A team of scientists from the Jawaharlal Nehru Center for Advanced Scientific Research (JNCASR) in Bangalore has developed a device that can simulate the cognitive behavior of the human brain and is more effective than traditional techniques. The new artificial intelligence technology has improved the calculation speed and power consumption efficiency. The team used a simple self-training method to create an artificial synaptic network (ASN) similar to a biological neural network.
Scientists say that the structure of the device will form on its own when heated. In order to develop synaptic devices for neuromorphic applications, the team also explored a material system that simulates the connection of neuronal bodies and axon networks similar to biological systems. Scientists say that the human brain is composed of 100 billion neurons, including axons and dendrites.
These neurons are connected to each other through axons and dendrites, forming huge connections called synapses. Scientists believe that this complex biological neural network produces excellent cognitive abilities, and added that software-based artificial neural networks (ANN) defeated humans in games such as AlphaGo and AlphaZero, and even helped manage COVID- 19 situation.
The researchers said that although the high-power von Neumann computer architecture reduces the performance of the ANN due to the available serial processing, the brain uses parallel processing to complete the work, consuming only 20W of power. Islands and nanoparticles with nanogap gaps are similar to biological neurons and neurotransmitters, where dehumidification is the process of breaking down continuous films into discrete/isolated islands or spherical particles.
“With this architecture, various high-level cognitive activities can be simulated,” the team explained in a press release from the Ministry of Science and Technology. They said that using programmed electrical signals such as ar as real-world stimuli, this hierarchical structure simulates various learning activities, such as short-term memory (STM), long-term memory (LTM), enhancement, depression, associative learning, and Interest learning, supervision, supervision, and printing, etc.

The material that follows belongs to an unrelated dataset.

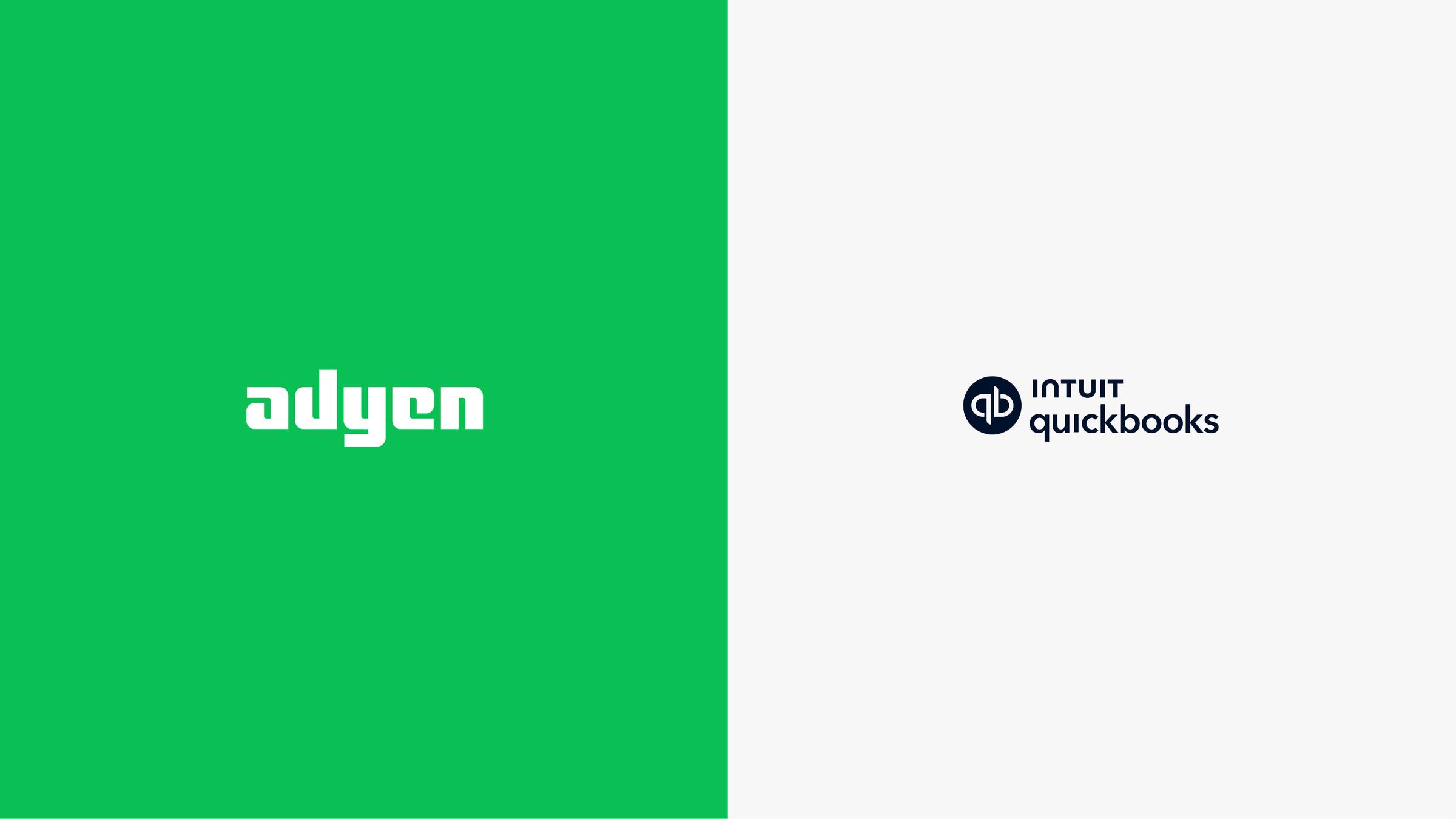 Adyen and Intuit quickbooks logos side by side on a split background.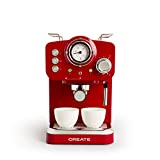 CREATE / THERA RETRO / Red Express Cafetera para espresso y capuchino, 1100 W, 15 bar, vaporizador regulable, capacidad 1,25 l, café molido y monodosis, con doble salida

Not only that, the scientists also imitated synaptic fatigue after over-learning and self-recovery, and surprisingly, these behaviors were simulated in a unique material system without the help of external CMOS circuits. A kit that mimics the behavior of Pavlov’s dog shows the device’s potential for neuromorphic artificial intelligence.
This is a remarkable achievement, because the JNCASR team has taken another step in the realization of advanced neuromorphic artificial intelligence by organizing a nanomaterial similar to biological nerve materials.